Although Calgary post-punks Women broke up in 2010, their influence has loomed large in the interim years. You can feel their presence in the likes of Ought and Each Other, and the wire-wool noise of Brighton label Faux Discx, who released the debut album by Faux Fur, featuring former Women drummer Matthew Flegel (who now fronts the great Viet Cong). Down in Auckland, Trust Punks – formed from the ashes of a more indie-pop leaning band called Grass Cannons – have taken Women’s gnarled influence to heart too. Eighteen months after releasing their first single, their debut album is finally out next Monday on Spunk Records. Listen to an exclusive stream of the record below, and read an interview with guitarist/singer Joseph Thomas after the jump.
NME: The album’s called ‘Discipline’ – why that title?
Joseph Thomas: Alex [Grant, guitarist/vocals] came up with calling it ‘Discipline’ and it reminds me of Discipline and Punish by Michel Foucault and ‘Outside The Trains Don’t Run On Time’ by Gang Of Four so it probably indicates towards two of the more discernible influences on the record, which is cool, I think. As a general theme the album* sort of speaks about the process of coming to terms with the space you occupy in the world and how you occupy it in relation to a society that sort of comes pre-loaded with a web of complex power relations (in terms of race/gender/class/etc/etc) once you’re born into it. A big part of that is becoming aware of both structural inequality (the justifications for which are talked about a bit in ‘Gordian Knot’) and the privilege you have within its structure (sort of what ‘Prone Hold’ is about). A big part of that process for me personally is regret and shame at your previous ignorant behaviours as a result of your own ignorance/internalised privilege (which is what ‘Enemies’ is about).
NME: Where did you record it and who with?
Joseph Thomas: We recorded it in a place called Thinkt studios which is a DIY studio in central Auckland that’s been knocking around for a few years.

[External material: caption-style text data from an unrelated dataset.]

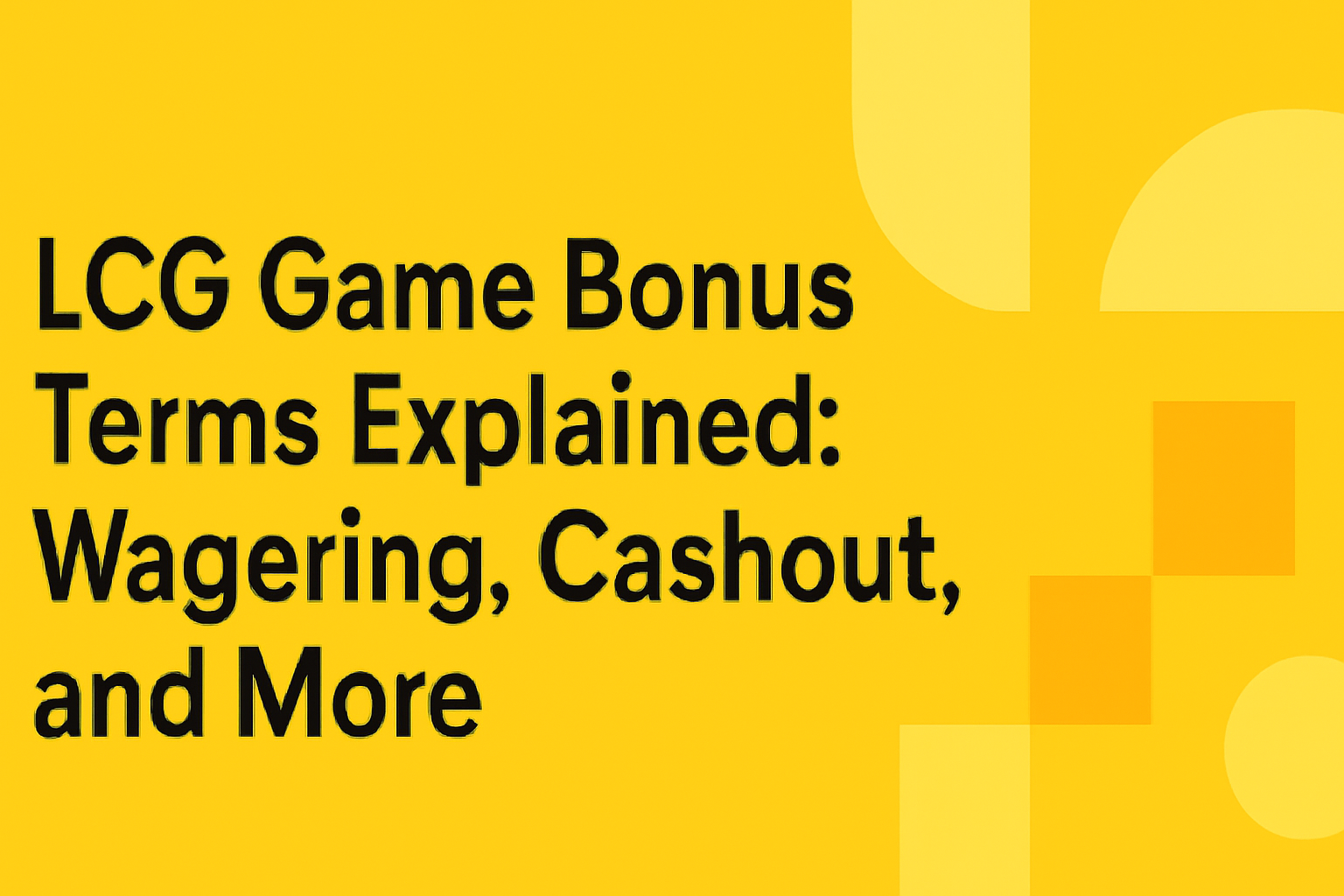 An informational scene illustrating the concept of LCG Game Guides with #fcc603 accents.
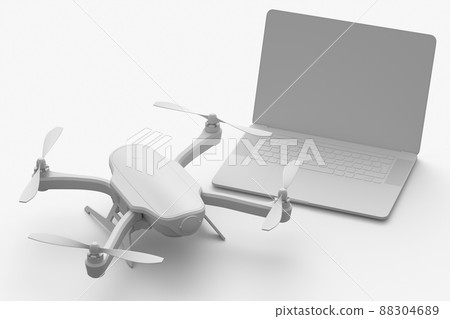 Top view of workspace and photography gear like laptop and drone on white Top view of workspace and photography gear like laptop and drone on white 88304689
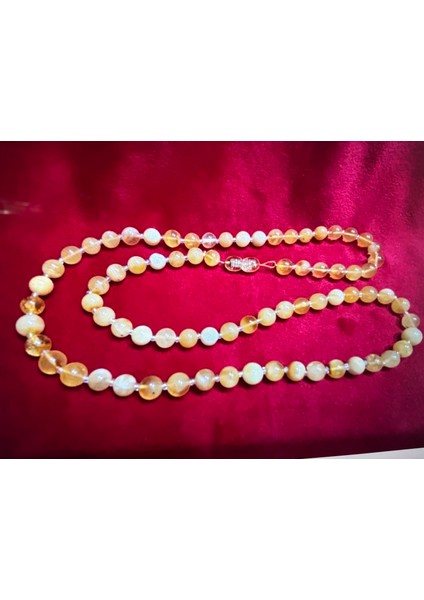 17,5 Gram Damla Kehribar Kolye - Taneler Ortalama 6 mm Çapında Açık Halde Toplam Uzunluk 64 cm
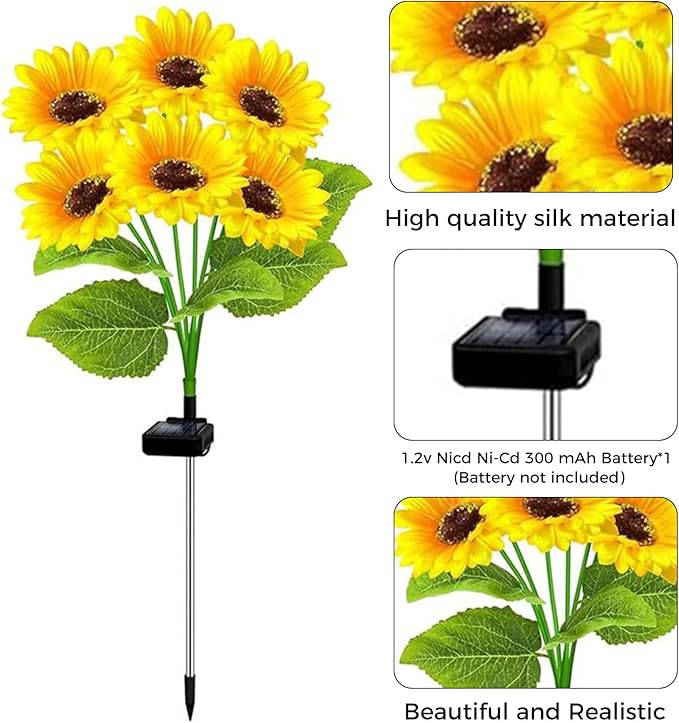 2 Pack Solar Garden Lights Outdoor, Waterproof 6- Sunflower Lights for Yard, Solar Powered Outdoor Lights, Stake Lights for Patio Pathway Lawn Fence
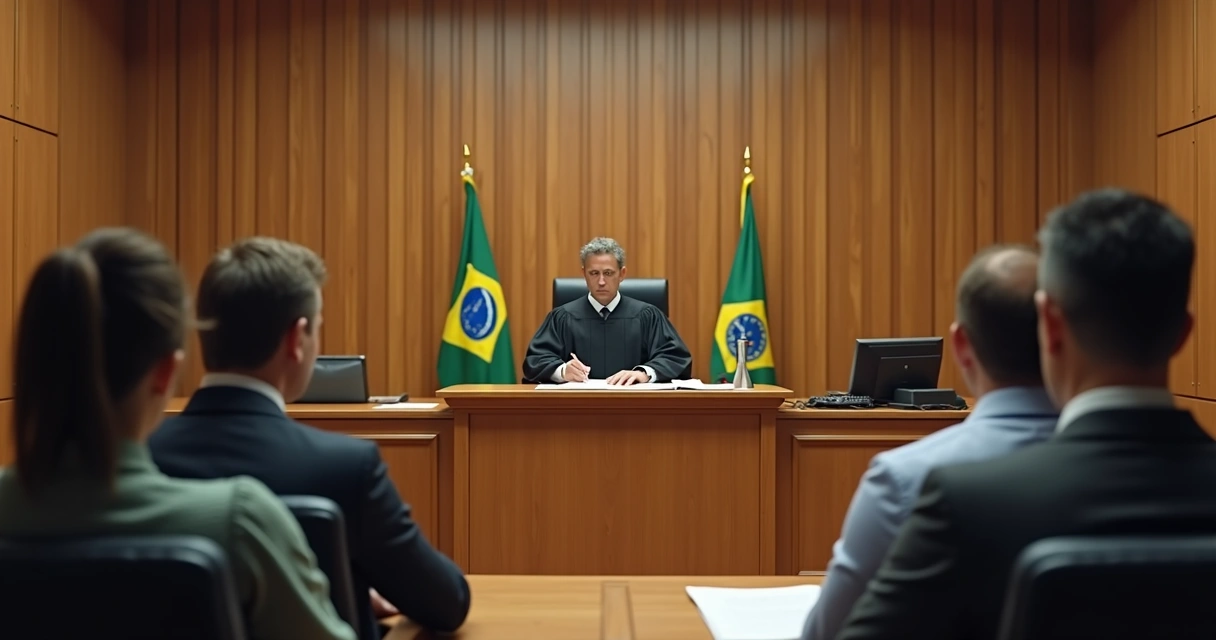 Juiz no tribunal analisando processo criminal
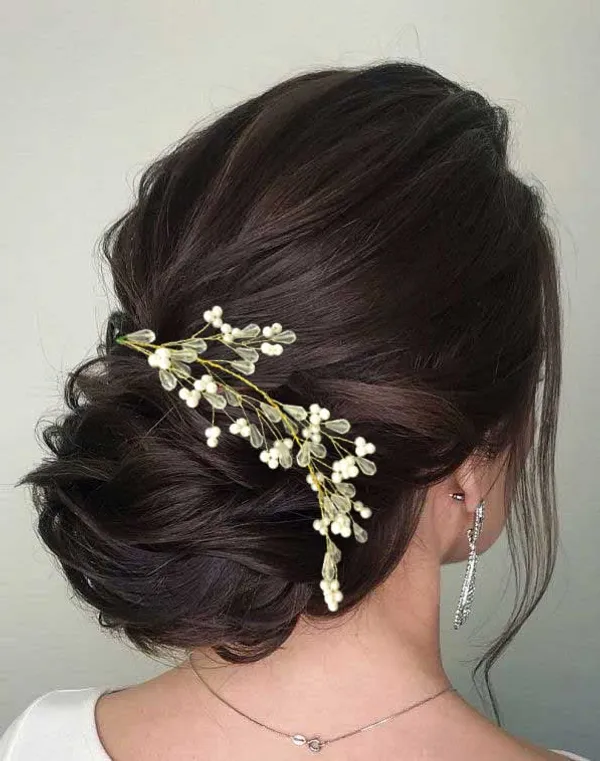 Silver_&_White_Pearls_With_Beads_Hair_Pin_Leaf_Designed_Artificial_Bridal_Hair_Vien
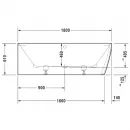 Акриловая ванна 180x80 см L Duravit DuraSquare 700427000000000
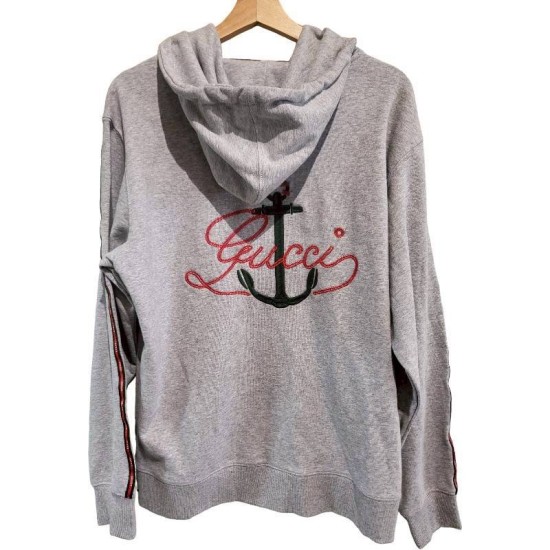 二手奢侈品Gucci灰色連帽拉鍊運動衫(9.9新, 肩50胸58長60)-編號S107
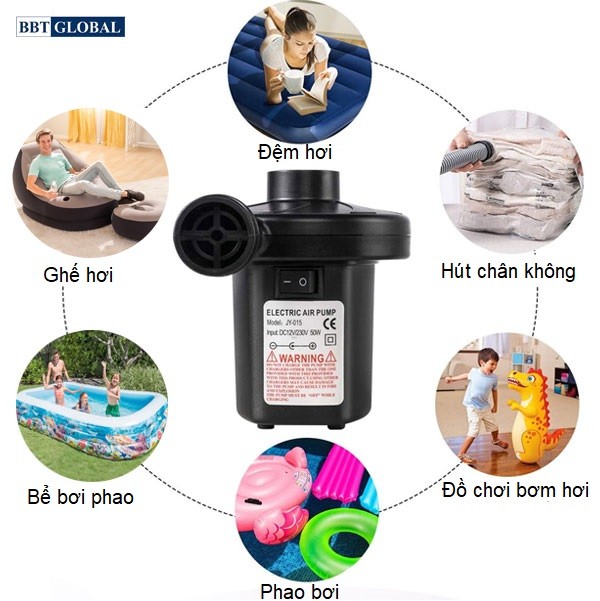Bơm điện hút xả 2 chiều 2 nguồn điện 12V và 220V mã JY-015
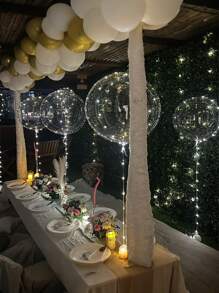 20 pezzi (10 set) - Luci a filo per palloncini a LED, design a sfera Bobo trasparente, palloncini Bobo luminosi incantevoli con luci a filo bianco freddo, decorazioni per compleanni, matrimoni, anniversari, San Valentino e Natale, decorazione per feste in spiaggia estive, palloncini per compleanni, decorazioni per feste in interni, luci a filo bianco caldo/bianco, decorazioni per Ognissanti, decorazioni per Capodanno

We recorded it with a guy called Joshua Lynn over about three days in February, then he took a long-ass time to mix it.
NME: I read your post about the dismal New Zealand election and your call for people to take action more regularly; is there a politicised aspect to the lyrics/band in general? Any other themes leaping out?
Joseph Thomas: I think it’s certainly fair to say there is a politicised aspect to our band but we try not to add any prescriptive content to our songs for fear of coming across preachy. With that said I think [right-wing political party] National’s ridiculous landslide victory they had the other day is definitely something that the album will be, and maybe even should be, filtered through, and it won’t be hard to tell what we think about it and why we think that.
NME: Are things going well for you in New Zealand? Are you operating on a DIY level, are people taking notice?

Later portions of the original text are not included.